In this same editorial, Berry mentions the phone call situation of dating etiquette. This tip is pretty straightforward for anyone, and it’s to not repeatedly call or text the person after you make your initial contact. If you call someone, and they don’t call you back, then take it as a sign they aren’t really interested in getting together again. The same trick goes for e-mails. Make your initial contact with them, and then wait for a response. If you don’t get one, chuck it up as a good try and go on with your business.

Another rule of thumb to remember is to not flaunt extravagance in front of someone else. This could possibly be one of the most intimidating and annoying behaviors people display on a date.
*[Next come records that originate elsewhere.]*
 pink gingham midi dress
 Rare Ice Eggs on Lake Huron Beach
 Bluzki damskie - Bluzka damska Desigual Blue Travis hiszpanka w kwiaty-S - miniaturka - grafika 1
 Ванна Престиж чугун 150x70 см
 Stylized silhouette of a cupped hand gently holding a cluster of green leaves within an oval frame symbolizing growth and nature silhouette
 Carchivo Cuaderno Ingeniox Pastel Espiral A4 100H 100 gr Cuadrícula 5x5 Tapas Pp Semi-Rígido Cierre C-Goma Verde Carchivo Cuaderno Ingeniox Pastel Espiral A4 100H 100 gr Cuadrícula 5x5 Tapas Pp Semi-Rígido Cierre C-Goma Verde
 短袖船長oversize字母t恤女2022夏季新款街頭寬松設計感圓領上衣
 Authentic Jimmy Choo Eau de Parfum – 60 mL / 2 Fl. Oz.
It goes back to the old adage that “it’s what’s inside that counts.” There is a lot of truth to this statement because elegant restaurants and high dollar gifts are nice, but personalities have to mesh before a relationship can have any substance.

Online Dating
In today’s Internet-savvy world, it would be a disservice to avoid talking a little about dating etiquette online. Kimberly Dawn Neumann provides answers to questions regarding online dating in her editorial for Match.com, an online dating web site. Apparently, the world of meeting someone through the Internet has a few different guidelines than more traditional dating measures.
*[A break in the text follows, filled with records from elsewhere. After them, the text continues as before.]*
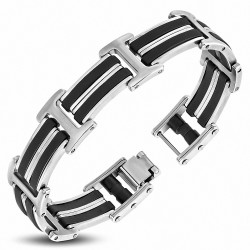 Bracelet hommes maillons acier en I avec caoutchouc noir 20 cm x 16 mm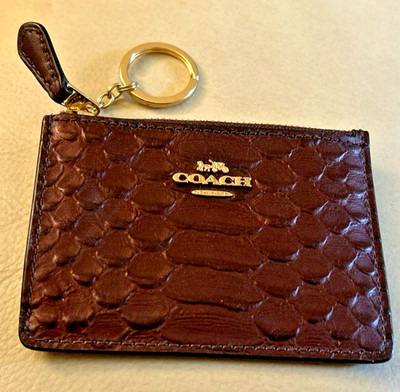 Coach Mini Skinny ID Case Signature Floral Canvas Wallet Coin Purse Key Ring
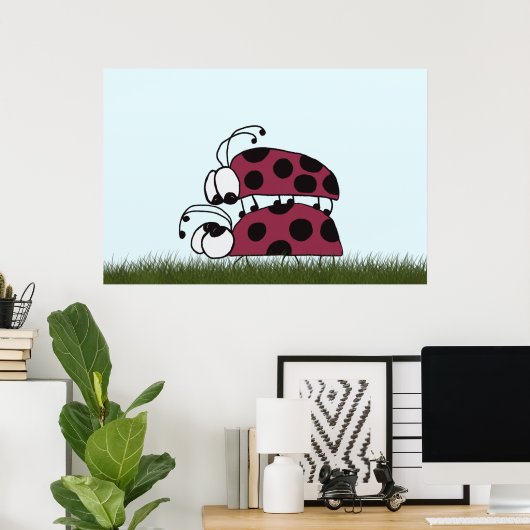 Cute Ladybug Artがあなたを私のロックと名付けた ポスター (ホームオフィス)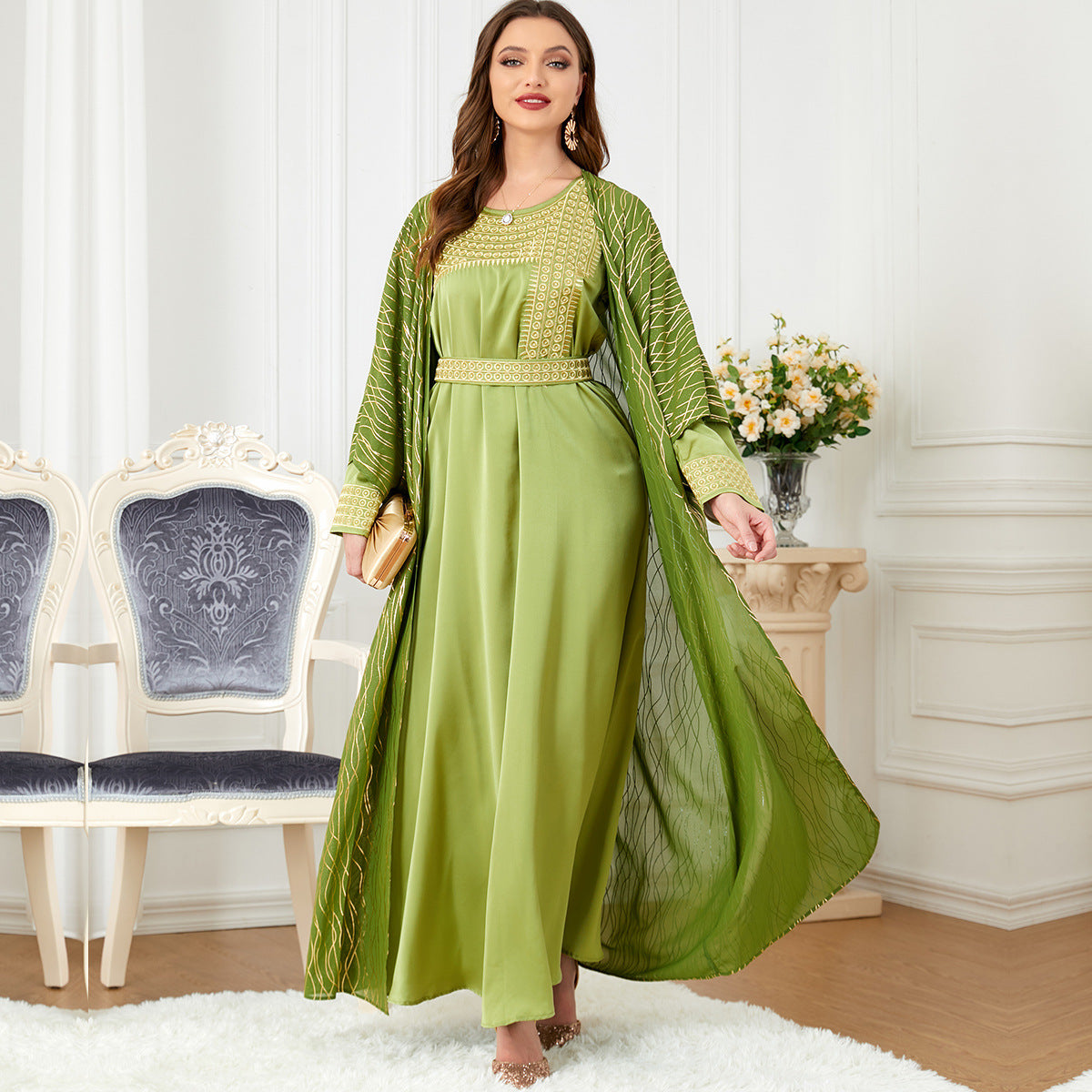 HAYA HAYA1059 2pcs Inner Dress  with Cardigan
First off, Neumann explains that online dating etiquette does not require you to respond to someone’s e-mail request to meet you. Unlike in face-to-face meetings, the silent treatment is actually a feasible way to handle this type of situation. But it changes when you have met the person physically. If, after meeting this individual, you decide there’s absolutely no chemistry between you two, then Neumann says it is necessary to respond to their request for a second date with a “no thank you, I’m not interested” message (www.match.com).
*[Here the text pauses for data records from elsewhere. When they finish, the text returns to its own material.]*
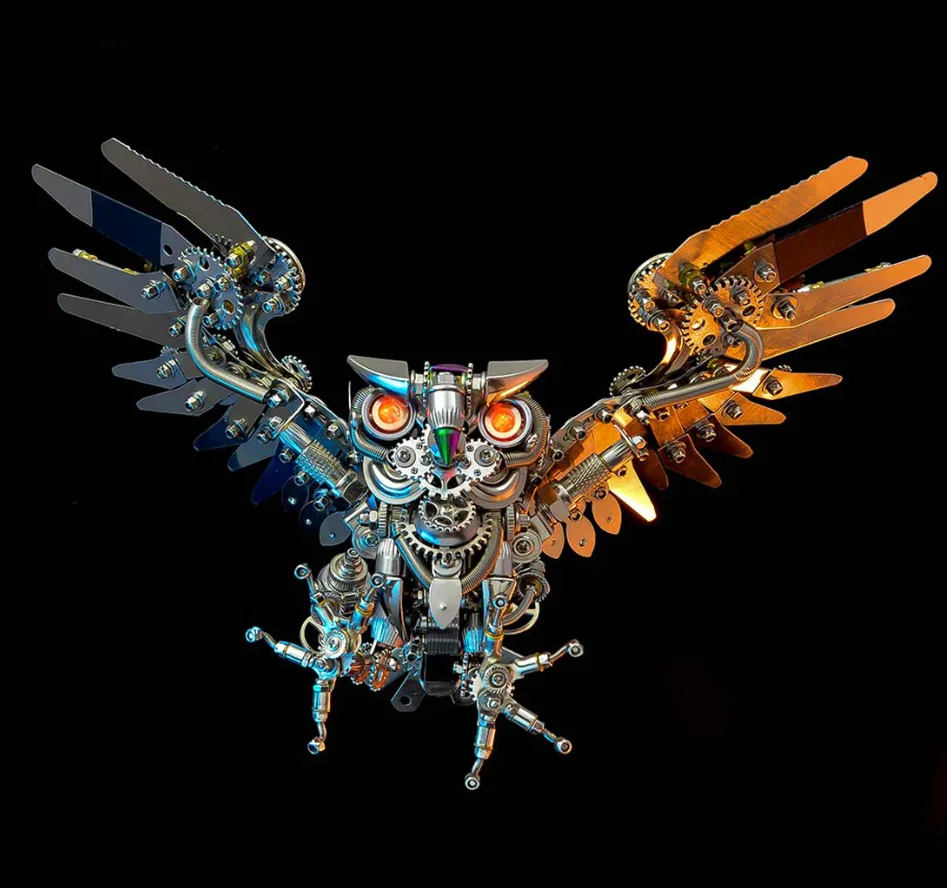 ビルディングブロック スチームパンク フクロウ 金属模型 プラモデル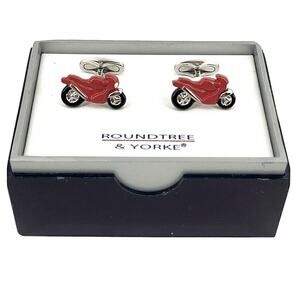 Mens Red Motorcycle Cuff Links Wedding Business Crotch Rocket Enamel Painted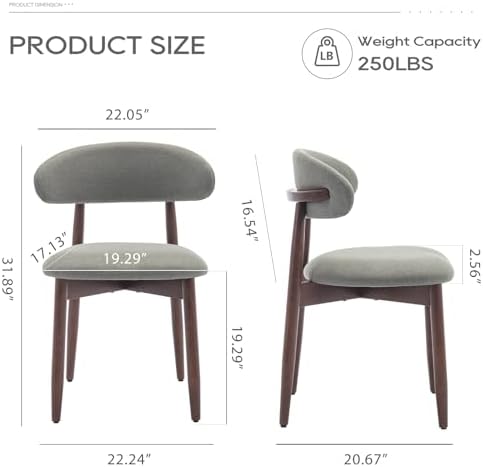 MALOL Dining Chairs Set of 2, Upholstered Wooden Kitchen Chairs, Green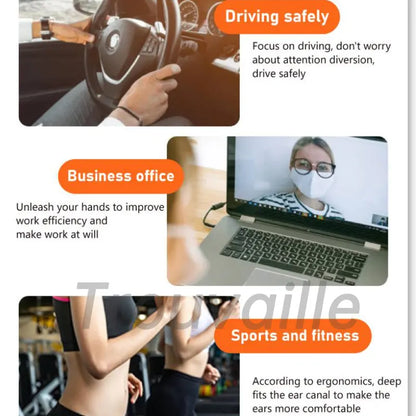 Trouvaille Single Ear Wireless Bluetooth Headset KopfhörerLotus Kopfhörer Freisprecheinrichtung Ohrhörer 36 Stunden Fahren Ultra Long Standby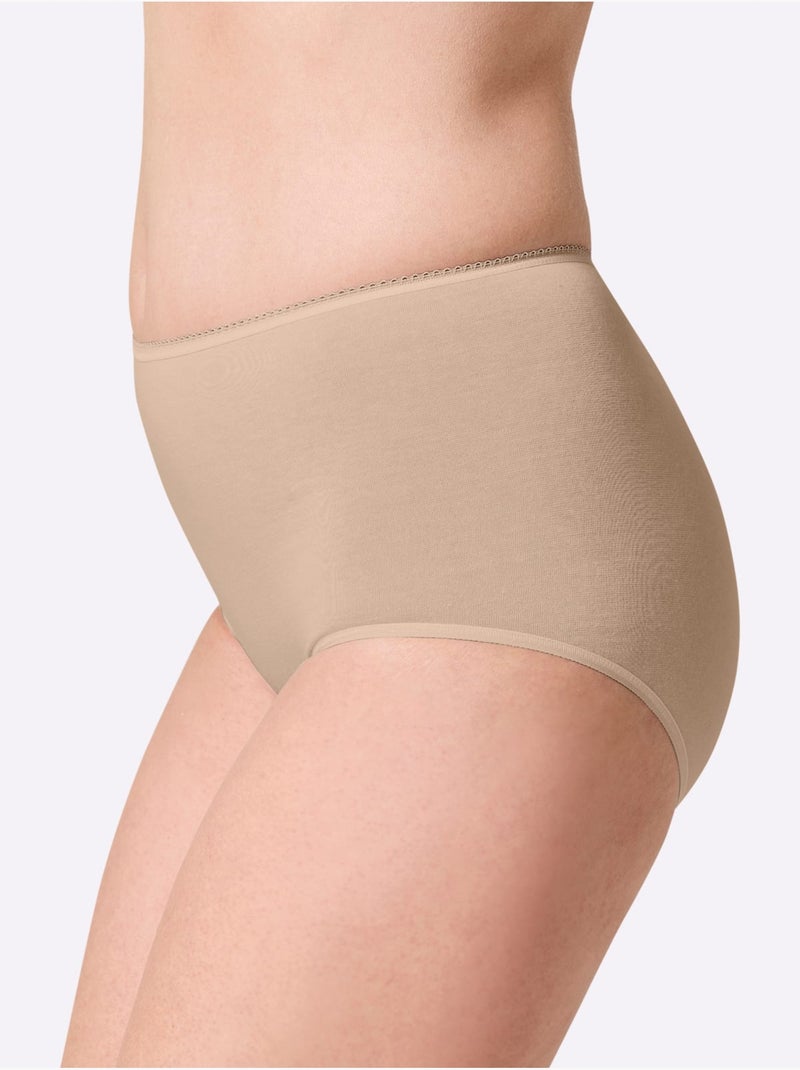 Lot de 3  - Culotte Taille Haute Jersey Fin - Taille Standard - Witt Marron clair - Kiabi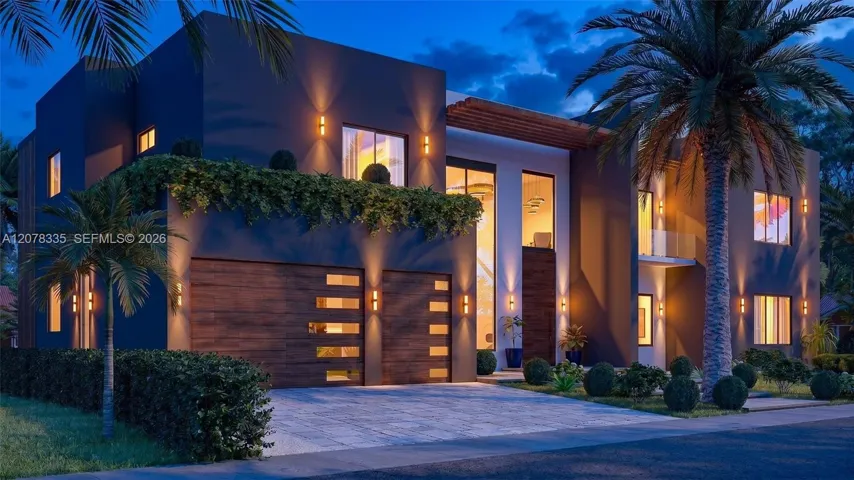 Twilight exterior view showcasing the home's warm ambient lighting and modern design.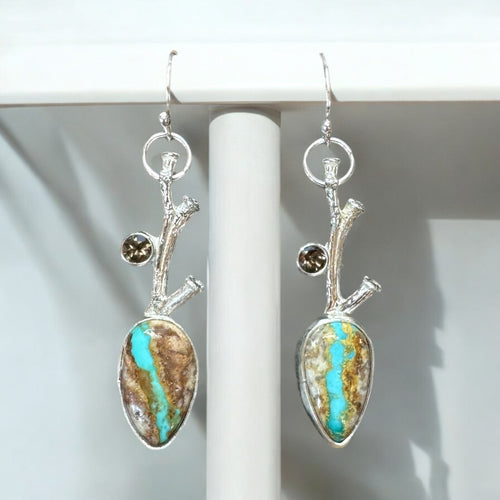 Ribbon Turquoise w Topaz Earrings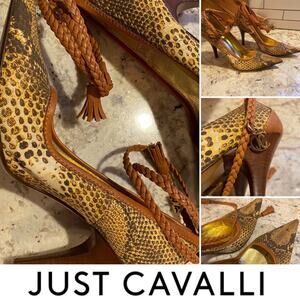 Just Cavalli Roberto Cavalli Snake Python Fabric / Leather Italy Heel EU 36 US 6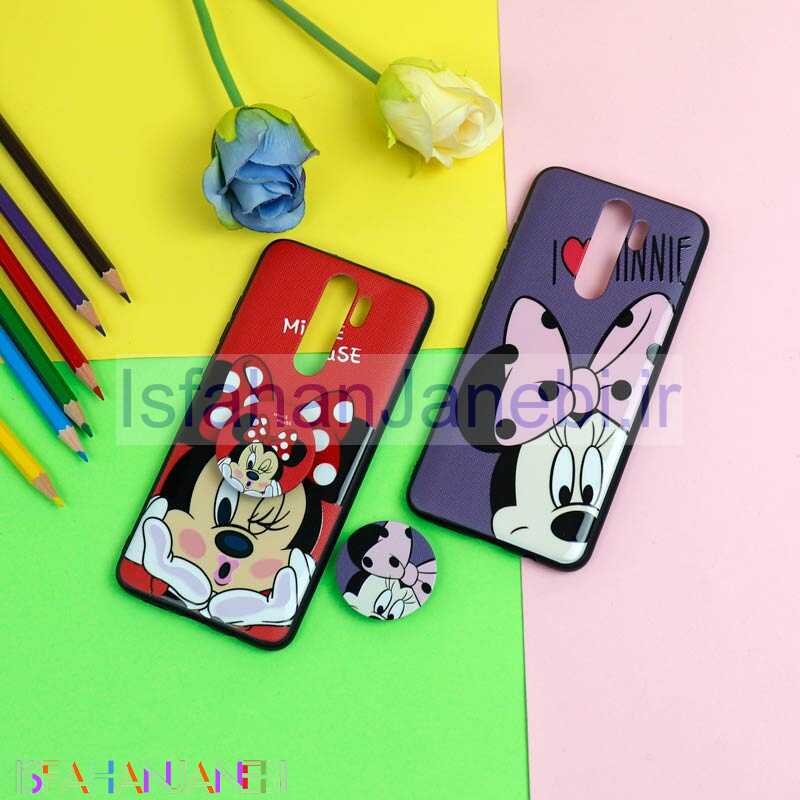 اصفهان جانبی-قاب فانتزی برجسته + پاپ سوکت طرح میکی موس شیائومی Redmi Note 8 Pro سری D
After you’ve met someone online, have dated them for a few times, and think the relationship will go further, online dating etiquette gives you the thumbs up for asking more personal questions. You can dig a little deeper and ask about where the person works, where they live or even about previous relationships. On the other hand, if you’ve dated someone several times and feel you no longer want to continue the relationship, then sending them a “so long” via e-mail is perfectly acceptable. Neumann says the only occasion where a face-to-face confrontation should take place to end the relationship is if you have been intimate with the person.

Finally, there comes the issue of when to take your online profile down after you’ve been in a relationship with someone you met online. When it comes to this situation, the best thing to do is decide together when the profiles should be eliminated. This will determine how serious the relationship is, and whether or not you both feel it will go further. If things are still in the beginning stages, then perhaps it would be wise to leave your profile up longer, just in case things don’t work out.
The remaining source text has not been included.